**Instructions to follow:** A single number is the answer here: the count of lines in the records below in which the word "Immigrants" appears.

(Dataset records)
------------------------------------------------------------------------

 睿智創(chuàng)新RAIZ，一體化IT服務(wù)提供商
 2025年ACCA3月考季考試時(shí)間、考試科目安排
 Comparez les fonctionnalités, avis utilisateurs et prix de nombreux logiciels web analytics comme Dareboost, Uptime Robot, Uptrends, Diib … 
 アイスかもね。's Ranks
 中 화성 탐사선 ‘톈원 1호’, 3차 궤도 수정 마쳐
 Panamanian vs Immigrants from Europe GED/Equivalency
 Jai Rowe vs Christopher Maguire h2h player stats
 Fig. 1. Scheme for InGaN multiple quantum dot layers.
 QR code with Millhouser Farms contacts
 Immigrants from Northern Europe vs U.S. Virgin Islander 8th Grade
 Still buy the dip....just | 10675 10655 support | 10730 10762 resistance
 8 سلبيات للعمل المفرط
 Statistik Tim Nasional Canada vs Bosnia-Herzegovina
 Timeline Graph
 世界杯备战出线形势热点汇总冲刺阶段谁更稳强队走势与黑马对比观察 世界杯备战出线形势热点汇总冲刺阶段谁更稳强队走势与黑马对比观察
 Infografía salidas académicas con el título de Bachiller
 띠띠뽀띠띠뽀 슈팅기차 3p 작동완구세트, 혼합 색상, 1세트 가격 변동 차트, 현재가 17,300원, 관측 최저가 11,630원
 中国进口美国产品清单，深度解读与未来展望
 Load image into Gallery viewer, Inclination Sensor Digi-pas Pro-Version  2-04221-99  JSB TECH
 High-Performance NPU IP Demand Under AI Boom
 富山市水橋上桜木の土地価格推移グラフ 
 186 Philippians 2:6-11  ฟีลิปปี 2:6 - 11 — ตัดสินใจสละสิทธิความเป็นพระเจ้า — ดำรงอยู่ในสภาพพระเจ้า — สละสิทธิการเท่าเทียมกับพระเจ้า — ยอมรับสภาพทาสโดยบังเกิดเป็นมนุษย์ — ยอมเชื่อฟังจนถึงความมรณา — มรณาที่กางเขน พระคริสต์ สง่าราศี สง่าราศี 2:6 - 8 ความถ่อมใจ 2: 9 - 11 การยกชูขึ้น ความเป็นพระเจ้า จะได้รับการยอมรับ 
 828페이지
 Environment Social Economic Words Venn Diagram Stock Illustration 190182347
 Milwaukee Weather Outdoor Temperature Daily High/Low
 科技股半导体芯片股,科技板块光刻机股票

------------------------------------------------------------------------

**Result of this task:** 2